This ``$TMPDIR`` setting is the default value in many computer codes and may not need to be set explicitly.

Notes:

* On the **login nodes** you **must not** use ``/tmp`` for large files!
  Please use in stead the local ``/scratch/$USER`` folder.

Technical details:

* Each Slurm_ job automatically allocates a **temporary /tmp** disk space which is private to the job in question.
* This temporary disk space lives only for the duration of the Slurm_ job, and is automatically deleted when the job terminates.
* This temporary disk space is actually allocated on the compute node's local ``/scratch`` disk, the size of which is specified above under the *Compute node partitions* section.

Shared scratch disk spaces
..........................

For those applications which require the medium-term use of scratch files across several different nodes or for subsequent batch jobs,
we provide some scratch file spaces at::

  /home/scratch3/$USER/         # CAMD, CatTheory, Energy groups
  /home/scratch11/$USER/        # Construct/MEK group

**REMEMBER:** There is **no backup** of files!!
Lost files cannot be recovered by any means!

Please remember to clean up scratch files regularly when they are no longer needed.

Viewing completed or failed job information
--------------------------------------------

After your job has completed (or terminated), you can view job accounting data by inquiring the Slurm_ database.
For example, to inquire about a specific job Id 1234::

  sacct -j 1234 -o jobid,jobname,user,Timelimit,Elapsed,NNodes,Partition,ExitCode,nodelist

If some jobs have failed or been cancelled, you can display a list of such jobs within a given time interval using a command such as::

  sacct -s FAILED,CANCELLED -X --starttime 2024-01-11T19:00 --endtime 2024-01-12T09:00 -o User,jobid,jobname%40,partition,State,ExitCode

Here the ``--starttime`` indicates the *Start* and ``--endtime`` indicates the *End* of the desired time interval.
The ``sacct`` manual page documents the *valid time formats*.
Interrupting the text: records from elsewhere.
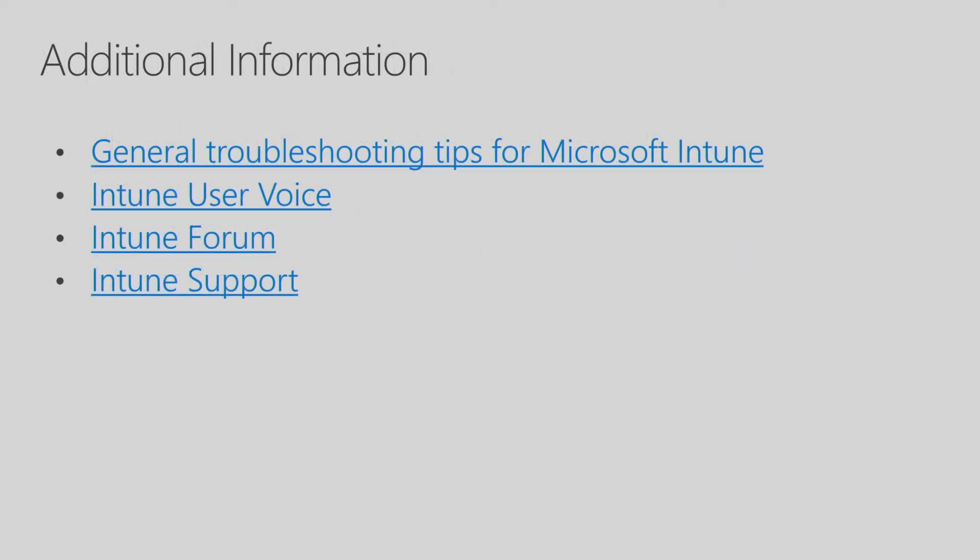I provided some additional information related to Intune for Education troubleshooting. First of all, there's a link to general troubleshooting tips for Microsoft Intune and Intune for Education. There's a link to Intune User Voice, which is a site that you can make feature recommendations and report bugs. There's the Intune forum to discuss questions and issues that you may have. And then there's a link to Intune support. This now concludes the Intune for Education troubleshooting session.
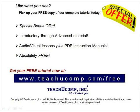Like what you see? Pick up your free copy of the complete tutorial at www.teachucomp.com forward slash free.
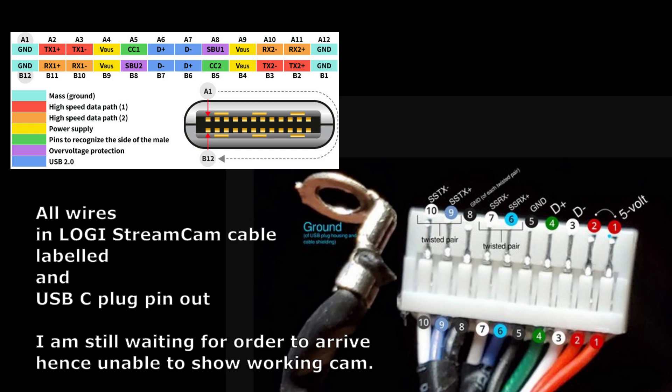And here is the pin out of the socket and wiring of the Logitech Streamcam cable. So putting this together, it should allow you to do a successful repair of the Logitech Streamcam broken USB-C plug.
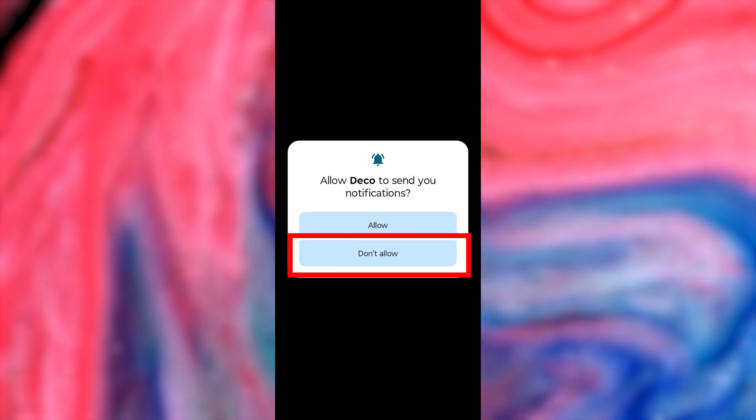Then press the Login button. Next, you'll be asked to enable notifications for this app. I won't do that, so I'll press Don't Allow.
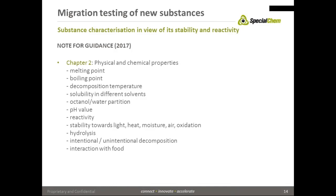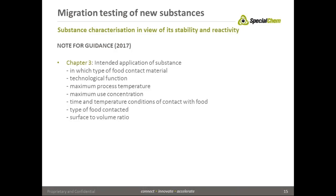Whether the substance is intended to decompose to exhibit its activity — for example, monomers react — or whether unintentional decomposition like hydrolysis is expected, and whether there might be interaction with food, also has to be provided and clearly indicated.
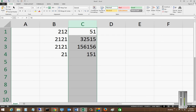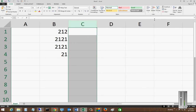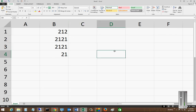Make sure you're on the Home tab. Go over to the right where it says Delete and choose Delete Sheet Column. You can see that D now becomes C, and C that had all the data is now gone.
You may inquire about many job parameters, to see a complete list run::

  sacct -e

Correct usage of node types
============================

Usage of multi-CPU nodes
-------------------------

The most modern compute nodes with many CPU cores should be utilized fully by the batch jobs::

  epyc96 node jobs should utilize 96 CPU cores per node
  xeon56 node jobs should utilize 56 CPU cores per node
  xeon40 node jobs should utilize 40 CPU cores per node

If you have jobs that utilize **less than 40 CPU cores per node**, we request that you use the older compute nodes::

  xeon24 nodes permit jobs using 1-24 CPU cores on 1 node
  xeon24 node jobs should utilize 24 CPU cores per node, but only in case 2 or more nodes are requested

Please see also the list of `Compute node partitions`_.

Job scripts that do not use CPU cores or GPUs correctly may be rejected at submit time or be cancelled by the administrators.

Usage of BIG memory nodes
-------------------------

We have installed 4 **BIG memory** nodes for special applications used by selected groups.
These nodes have 4096 GB (4 TB) of RAM memory,
and it is expected (required) that all jobs submitted to the ``xeon32_4096`` partition will use **at least 768 GB** of RAM memory
and/or use the large scratch disk space.
Jobs using up to 768 GB of RAM memory should use one of the other `Compute node partitions`_.
Partial-node jobs are permitted in the ``xeon32_4096`` partition.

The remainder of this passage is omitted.